● **Source records**:
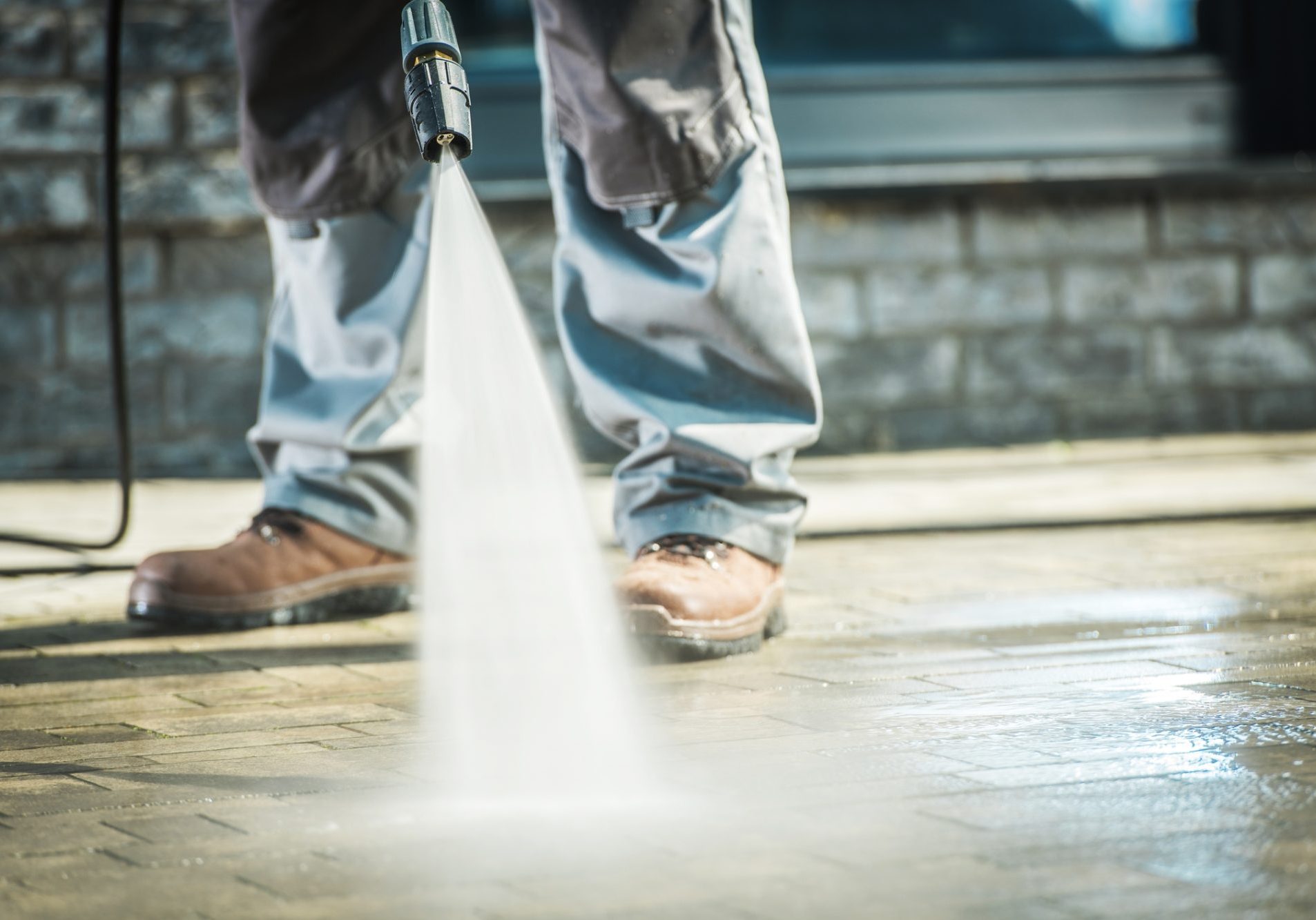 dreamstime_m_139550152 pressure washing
---
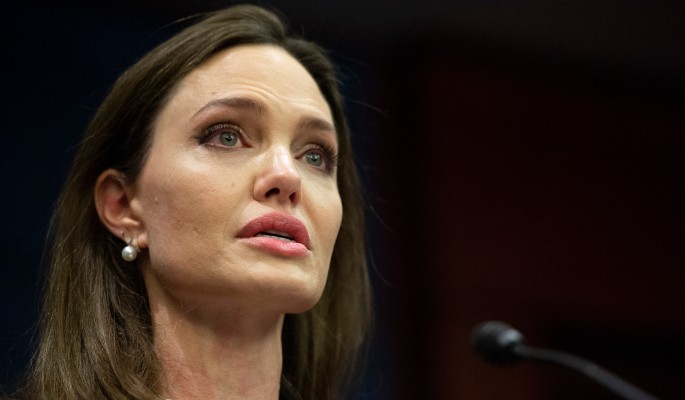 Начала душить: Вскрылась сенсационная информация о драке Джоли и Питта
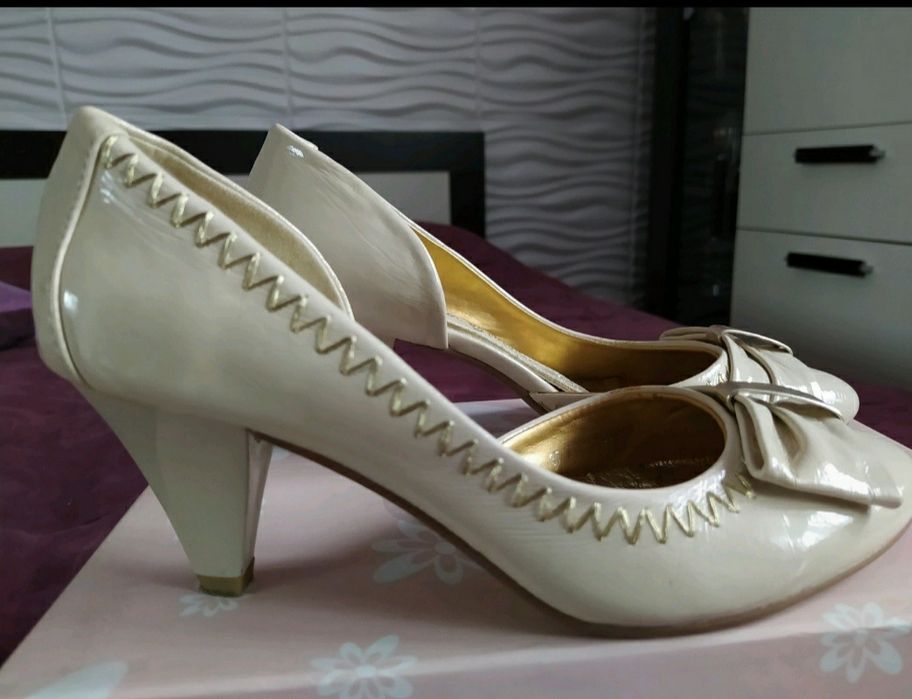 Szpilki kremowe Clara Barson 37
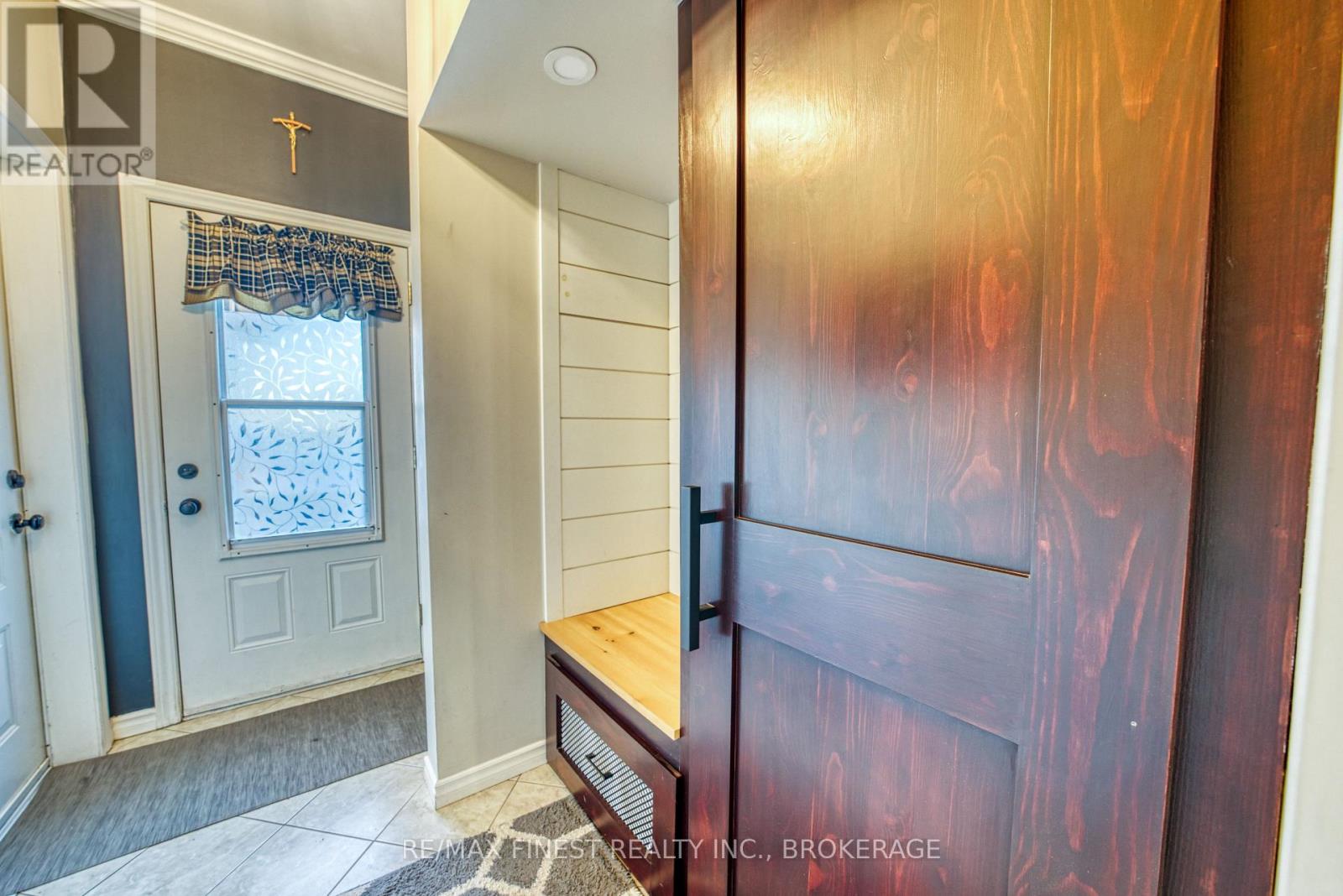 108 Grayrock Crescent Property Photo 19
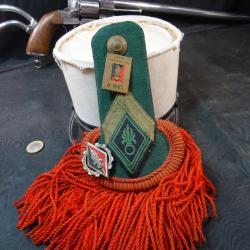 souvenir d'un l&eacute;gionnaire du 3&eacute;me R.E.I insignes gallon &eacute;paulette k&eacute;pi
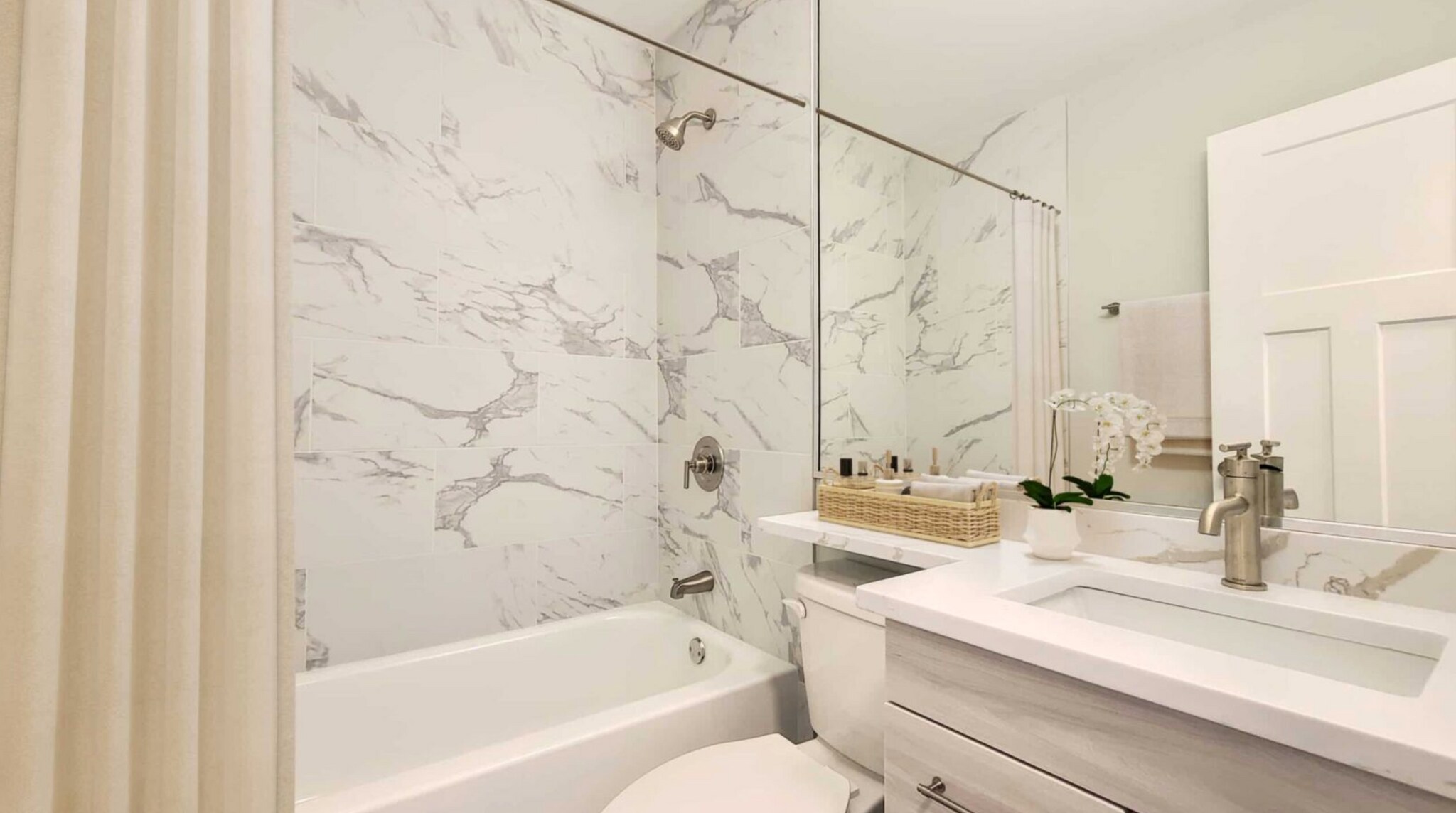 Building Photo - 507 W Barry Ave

● **Problem description**: Give back exactly the lines above from the one with "souvenir d'un l&eacute;gionnaire" through the one with "Building Photo - 507 W Barry Ave", both included. Pictures don't belong in the copy.

● **Exercise response**:
 souvenir d'un l&eacute;gionnaire du 3&eacute;me R.E.I insignes gallon &eacute;paulette k&eacute;pi
 Building Photo - 507 W Barry Ave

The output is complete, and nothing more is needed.